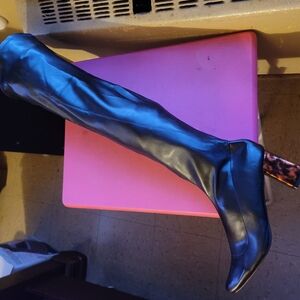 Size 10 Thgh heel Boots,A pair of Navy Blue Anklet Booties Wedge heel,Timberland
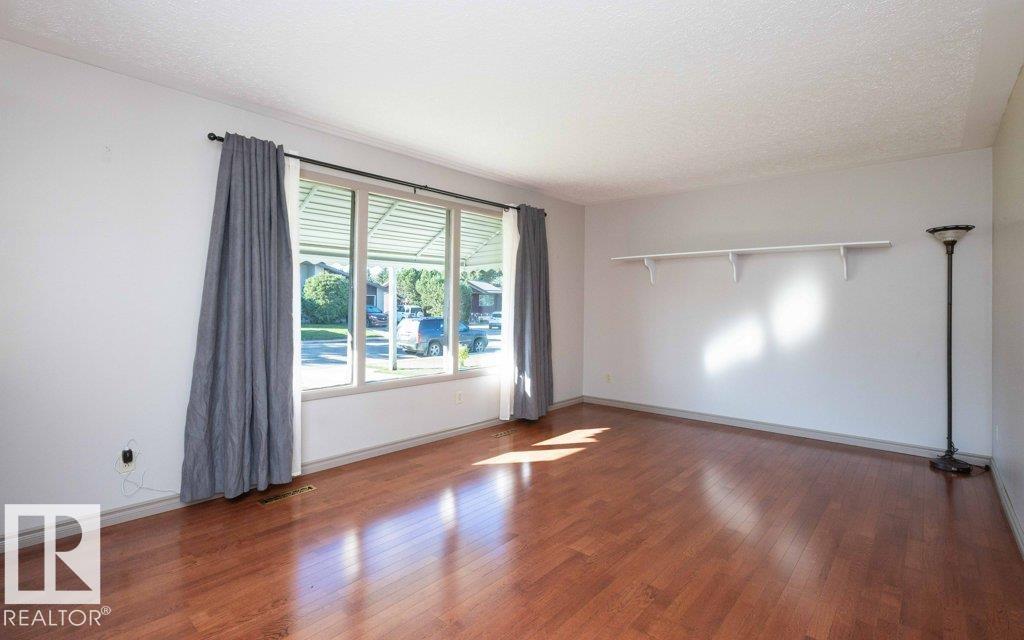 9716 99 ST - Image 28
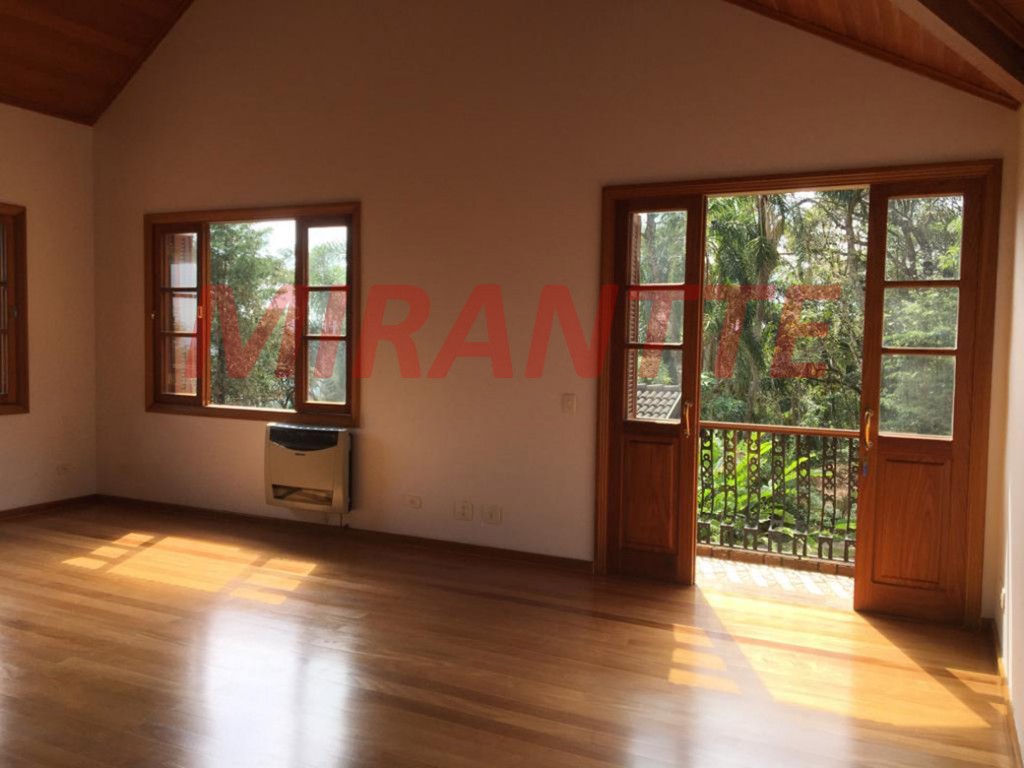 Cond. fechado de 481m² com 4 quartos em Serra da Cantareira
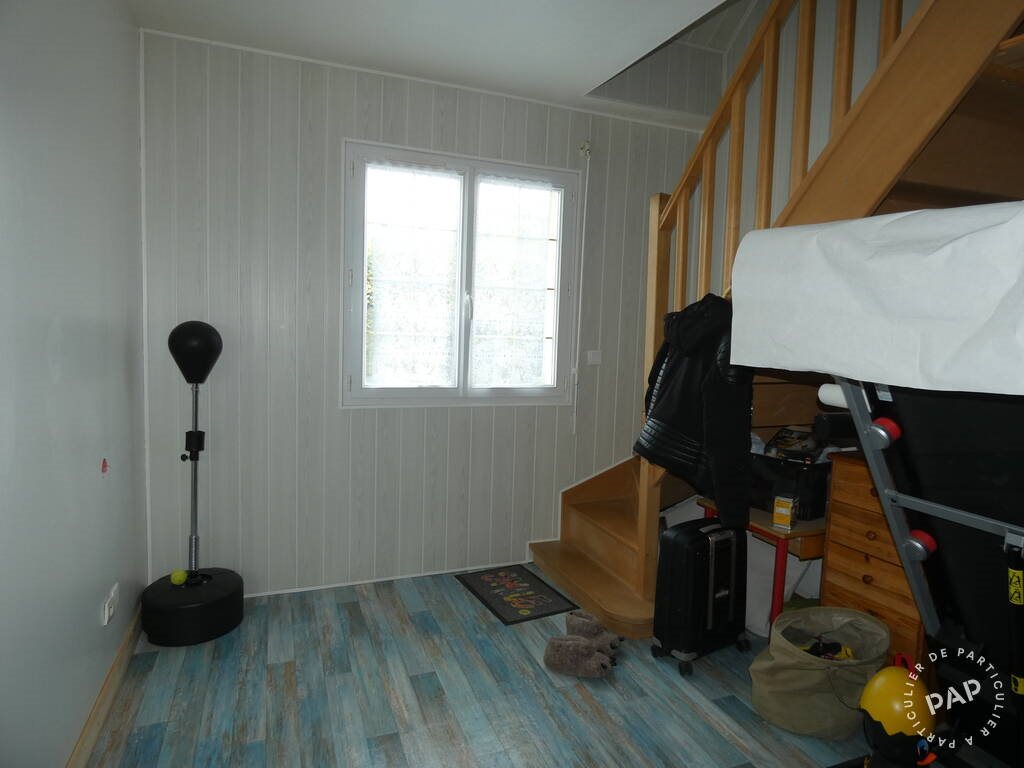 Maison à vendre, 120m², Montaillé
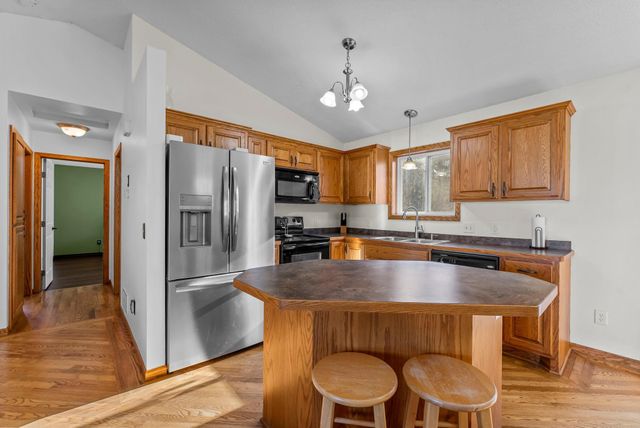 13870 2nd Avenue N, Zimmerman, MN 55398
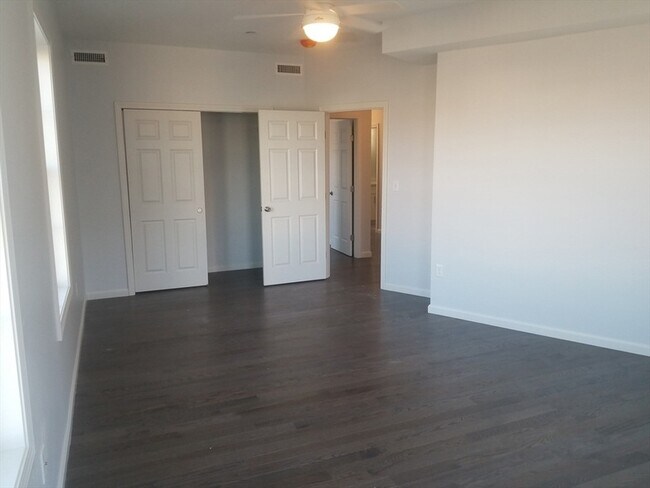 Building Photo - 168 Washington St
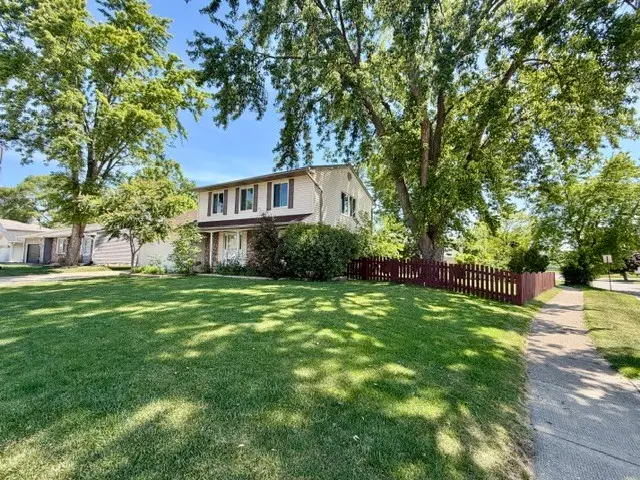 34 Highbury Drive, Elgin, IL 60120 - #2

REQUIREMENT »
Only an exact copy is wanted: the lines from the opening of the material through the line that has "Building Photo - 168 Washington St", minus any pictures.

TASK SOLUTION »
 Size 10 Thgh heel Boots,A pair of Navy Blue Anklet Booties Wedge heel,Timberland
 9716 99 ST - Image 28
 Cond. fechado de 481m² com 4 quartos em Serra da Cantareira
 Maison à vendre, 120m², Montaillé
 13870 2nd Avenue N, Zimmerman, MN 55398
 Building Photo - 168 Washington St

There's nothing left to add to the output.